I've always said no when she asked, always. She's been a lot more persistent lately and I'm trying to come up with an alternative.
It hardly sounds like that, when you begin this thread questioning if you can let her do it. And then mount a defence for why you’d allow your daughter to call another woman (who funnily enough doesn’t have a strong relationship with her so it’s not actually on the cards!) Mummy.
But I think you're taking the whole birth thing a bit far. The people on this post saying unless you gave birth to them you can't be their mother really obviously haven't experienced blended family dynamics.
Erm. Right. Well you’re wrong about that. And whilst you can help parent her, and be her step-mum, you’re not her mum - not because you didn’t give birth to her but because that role is already taken. She doesn’t need a new mum she needs a good step mum.

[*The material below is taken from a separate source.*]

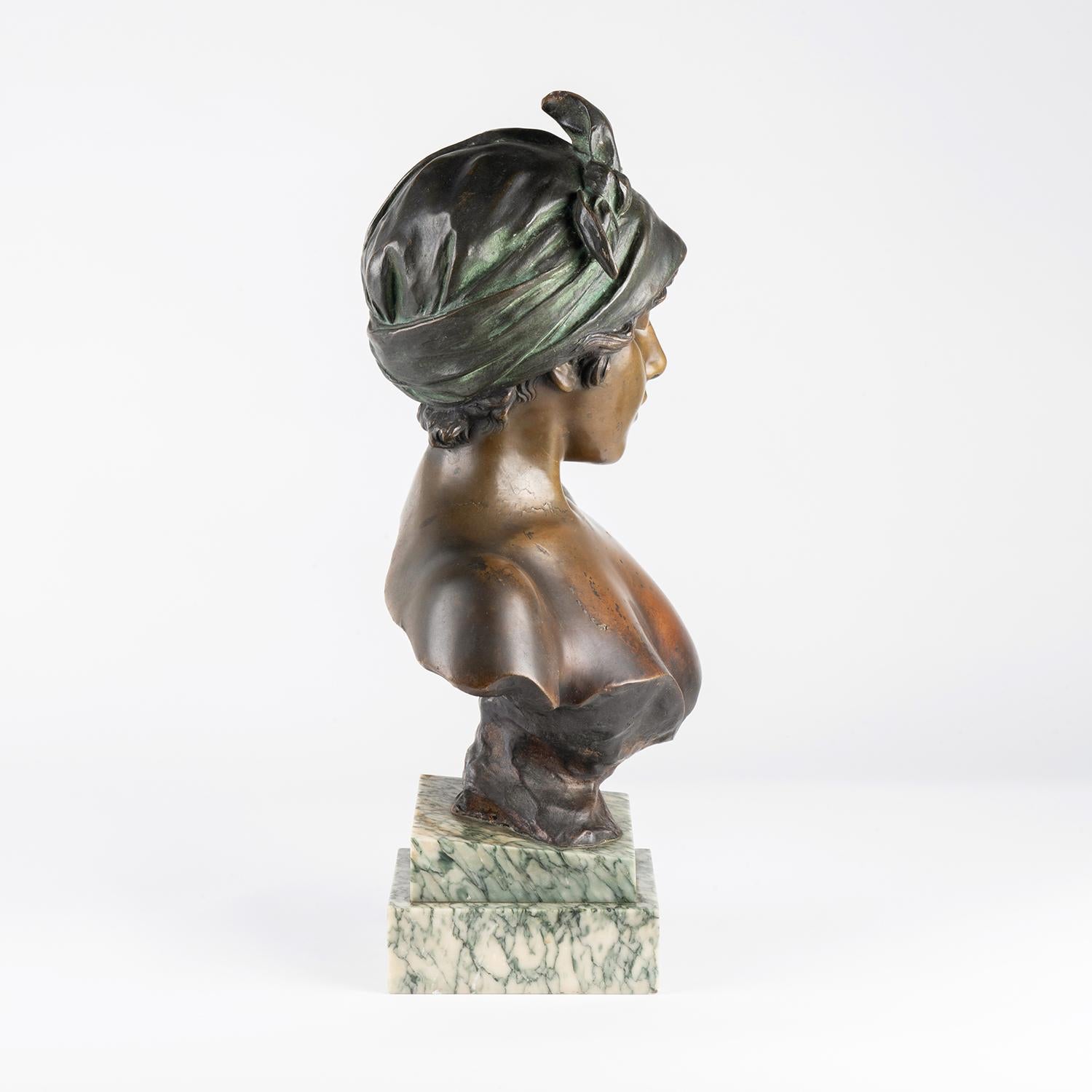 Sculpture in bronze and marble base, Art Nouveau period, circa 1900. For Sale 4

My first husband died and my older kids have a loving and devoted second-father. He’s more than their stepfather, as after our marriage he adopted them, but we always dissuaded them from calling him daddy or even dad. There are loads of words that imply a loving parental relationship; he didn’t need one that was already taken, and once that was firmly but kindly explained the children immediately accepted it and came up with a different name.

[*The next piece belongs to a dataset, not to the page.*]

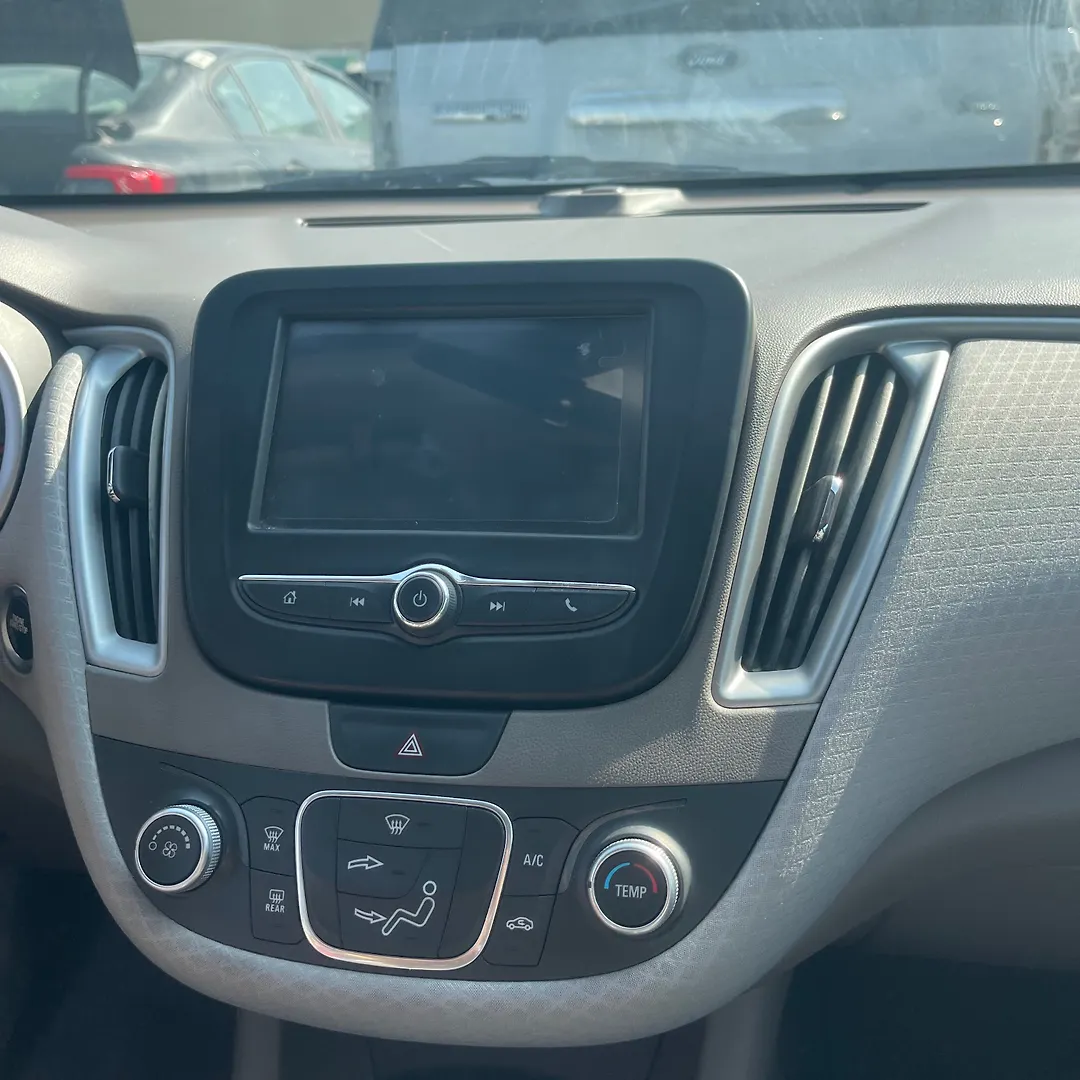 Info-gps-tv screen - 2018 Chevrolet Malibu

Their darling daddy gets to remain their daddy, no-one in the family gets confused by who is meant when daddy is referred to, and DH2’s loving relationship with them is acknowledged.

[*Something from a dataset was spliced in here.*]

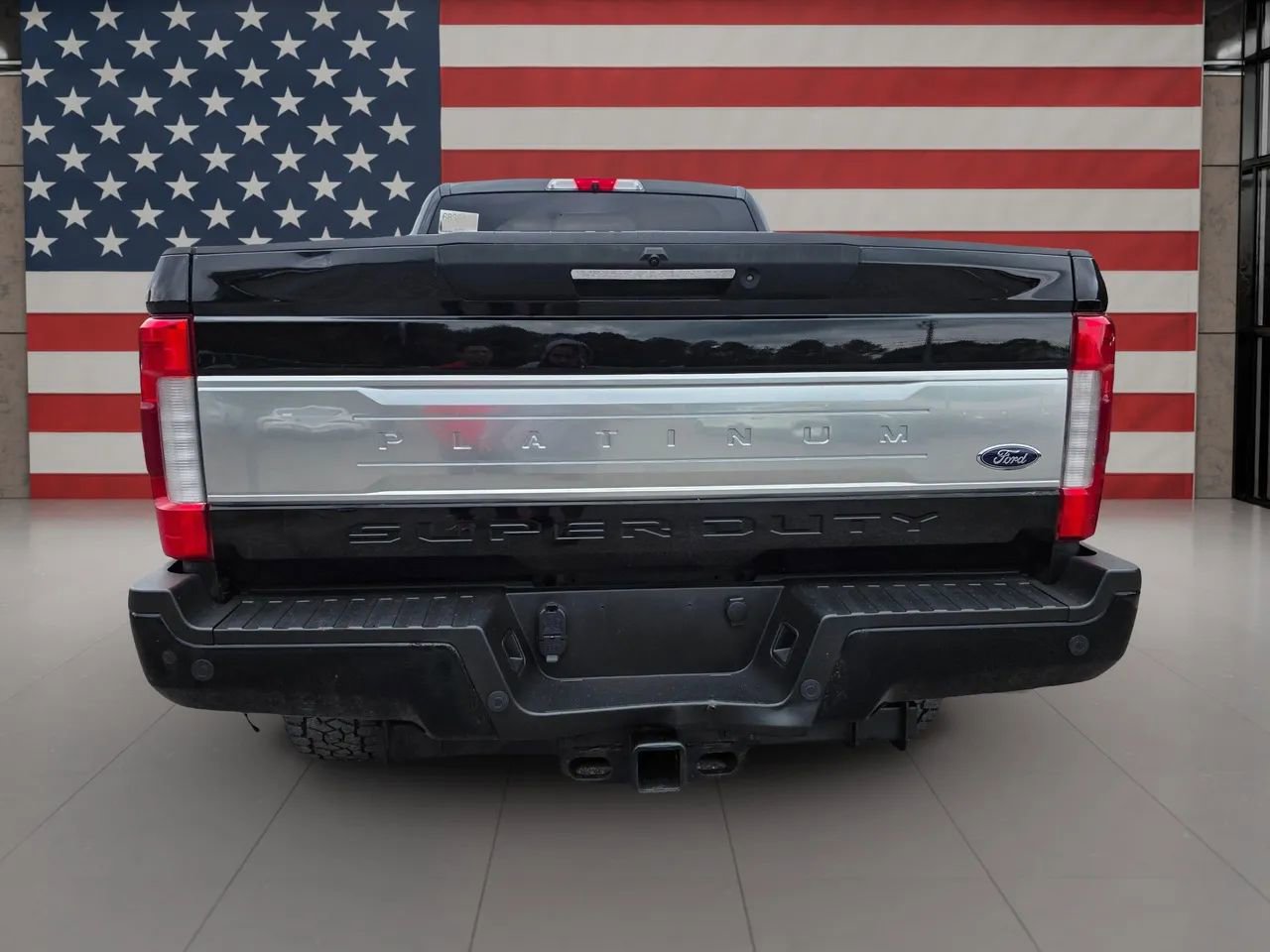 Used 2017 Ford F350 Platinum w/ Platinum Ultimate Package image 5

Your step-daughter hasn’t been bereaved, but to she’s had a lot to contend with in her short life, with her parents breaking up, her daddy getting into a new relationship, and him moving her into a blended family. It’s no wonder she’s confused, and you all need to support her with working through the uncomfortable realities of the family situation, not confuse her and cause upset with her mother.
I hope her father would have put his foot down over her calling you Mummy.